Now that cycle is breaking down. Fashion trends are accelerating, new clothes are becoming as cheap as used ones, and poor countries are turning their backs on the second-hand trade. Without significant changes in the way that clothes are made and marketed, this could add up to an environmental disaster in the making.

Nobody is more alert to this shift than the roughly 200 businesses devoted to recycling clothes into yarn and blankets in Panipat, India. Located 55 miles north of Delhi, the dusty city of 450,000 has served as the world’s largest recycler of woollen garments for at least two decades, becoming a crucial outlet for the $US4 billion ($5 billion) used-clothing trade.

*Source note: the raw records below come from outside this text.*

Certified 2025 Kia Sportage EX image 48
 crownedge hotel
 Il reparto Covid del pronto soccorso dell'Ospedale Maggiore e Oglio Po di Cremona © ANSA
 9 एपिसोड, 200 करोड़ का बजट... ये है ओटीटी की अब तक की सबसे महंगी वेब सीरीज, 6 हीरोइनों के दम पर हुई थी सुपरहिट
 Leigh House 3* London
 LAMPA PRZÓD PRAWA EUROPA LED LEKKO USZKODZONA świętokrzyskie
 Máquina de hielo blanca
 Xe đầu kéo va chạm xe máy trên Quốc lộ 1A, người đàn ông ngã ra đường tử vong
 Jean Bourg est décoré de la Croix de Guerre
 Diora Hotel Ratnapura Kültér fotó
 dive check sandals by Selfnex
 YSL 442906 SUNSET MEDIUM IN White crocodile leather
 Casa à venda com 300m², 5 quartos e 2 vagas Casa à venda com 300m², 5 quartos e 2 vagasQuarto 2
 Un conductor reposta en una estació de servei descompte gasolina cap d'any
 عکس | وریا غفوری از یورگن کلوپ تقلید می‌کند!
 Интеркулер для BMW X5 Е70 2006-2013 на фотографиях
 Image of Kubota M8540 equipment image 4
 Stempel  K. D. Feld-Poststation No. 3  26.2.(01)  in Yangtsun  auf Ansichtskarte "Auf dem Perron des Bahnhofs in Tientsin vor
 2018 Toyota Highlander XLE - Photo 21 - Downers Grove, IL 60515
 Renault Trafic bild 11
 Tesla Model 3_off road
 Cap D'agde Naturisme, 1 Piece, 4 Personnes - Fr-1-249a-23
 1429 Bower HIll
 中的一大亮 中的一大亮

Panipat’s mills specialise in a cloth known as shoddy, which is made from low-quality yarn recycled from woollen garments. Much of what they produce is used to make cheap blankets for disaster-relief operations. It’s been a good business: At its peak in the early 2010s, Panipat’s shoddy manufacturers could make 100,000 blankets a day, accounting for 90 per cent of the relief-blanket market.

In the early 2000s, though, cash-flush Chinese manufacturers began using modern mills that could produce many times more blankets per day than Panipat’s, and in a wider variety of colours.

Ramesh Goyal, the general manager of Ramesh Woollen Mills, told me that Chinese manufacturing has become so efficient that a new polar fleece blanket costs a mere $US2.50 retail — compared to $US2.00 for a recycled blanket. This has made China the preferred manufacturer of relief blankets worldwide, costing Panipat most of its export market.

So Panipat is changing. Five years ago, nobody in town made new fleece blankets. Today, about 50 mills do. Ramesh Woollen Mills added a Chinese-built line in 2016, and thereby boosted its production from 7,000 kilograms a day to 12,000, two-thirds of which is polar fleece. Consumers appreciate the quality, variety and fast production times.

But what’s good for Panipat and its customers is bad news for donors and the environment. Even if Panipat were producing shoddy at its peak, it probably couldn’t manage the growing flood of used clothing entering the market in search of a second life.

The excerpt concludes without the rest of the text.